Similar to other toy lines during the 1970s, the Shogun Warriors toys came under pressure over safety concerns regarding their spring-loaded weapons. The concern was that children might launch the weapons and hit other children or pets in the eyes. There was also a risk that small children might choke on the small plastic missiles and other parts. Toy manufacturers then faced new regulations as a result of reported injuries received while playing with these toys. Consequently, many toy companies were forced to remodel existing toy lines with child-safe variations such as spring-loaded "action" missiles that would remain attached to the toy. Missiles were also reshaped to have a flat head instead of a pointed one. Because of this, as well as declining sales, the Shogun Warrior toy line was discontinued by 1980.

==Tie-in media==
===Comic===

In order to promote the toys, Mattel approached Marvel Comics to produce a comic tie-in for the range, having enjoyed a fruitful relationship with the company on Godzilla, King of the Monsters. Only three figures would be featured in the comic - Raydeen (originally from Reideen the Brave); Dangard Ace (from Wakusei Robo Danguard Ace) and Combatra (from Chōdenji Robo Combattler V). Series artist Herb Trimpe would also produce some artwork used by Mattel on toy advertisements.

===Cartoon===
Due to Shogun Warriors being based on characters drawn from a wide number of Japanese TV shows, there was no cartoon produced, but several of the characters featured in the toy line appeared in Jim Terry's Force Five series.

==Toy line==
===Jumbo Machinders===
Jumbo Machinders were 24 in tall vinyl figures.

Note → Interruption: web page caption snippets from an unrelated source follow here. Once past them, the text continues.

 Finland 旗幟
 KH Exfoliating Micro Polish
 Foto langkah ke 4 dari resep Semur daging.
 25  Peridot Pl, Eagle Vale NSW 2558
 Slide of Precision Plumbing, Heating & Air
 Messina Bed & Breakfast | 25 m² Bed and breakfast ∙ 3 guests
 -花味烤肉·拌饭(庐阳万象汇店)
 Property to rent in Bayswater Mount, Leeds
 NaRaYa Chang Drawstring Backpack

===Die-cast action figures===
5 in figures.

===Two-In-Ones===
5 in figures that could be reconfigured between two modes.

===Collector's===
3 in figures.

===Action vehicles===
Vehicles with action features.

===U-Combine Combatra vehicles===
Five vehicles that could be combined to form the super-robot Combattra, they were sold both separately and as a boxed set.

==In popular culture==
Several Shogun Warriors appeared in the Wonder Woman episode "The Deadly Toys" at a toy shop run by Frank Gorshin's character.

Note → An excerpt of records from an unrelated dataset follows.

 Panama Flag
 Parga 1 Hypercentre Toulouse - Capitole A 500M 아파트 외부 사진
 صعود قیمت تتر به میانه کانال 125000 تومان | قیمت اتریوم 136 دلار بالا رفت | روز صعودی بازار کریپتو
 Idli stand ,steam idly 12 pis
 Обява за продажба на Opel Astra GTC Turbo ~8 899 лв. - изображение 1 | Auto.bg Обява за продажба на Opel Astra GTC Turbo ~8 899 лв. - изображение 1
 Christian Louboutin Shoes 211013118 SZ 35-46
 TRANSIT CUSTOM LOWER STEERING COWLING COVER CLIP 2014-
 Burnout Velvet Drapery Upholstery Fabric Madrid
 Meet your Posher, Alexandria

Mazinger and Raideen (called Mazinga and Raydeen) appeared in the MAD sketch "Regular Shogun Warriors", a parody of the toyline and Regular Show.

==Revival==
In 2010, Toynami revived the Shogun Warriors name with a new toy line consisting of 24 in Jumbo Machinder toys. The giant robots in this line were from Voltron and Robotech. The line also featured the robot Bender from Futurama and the movie monster Godzilla.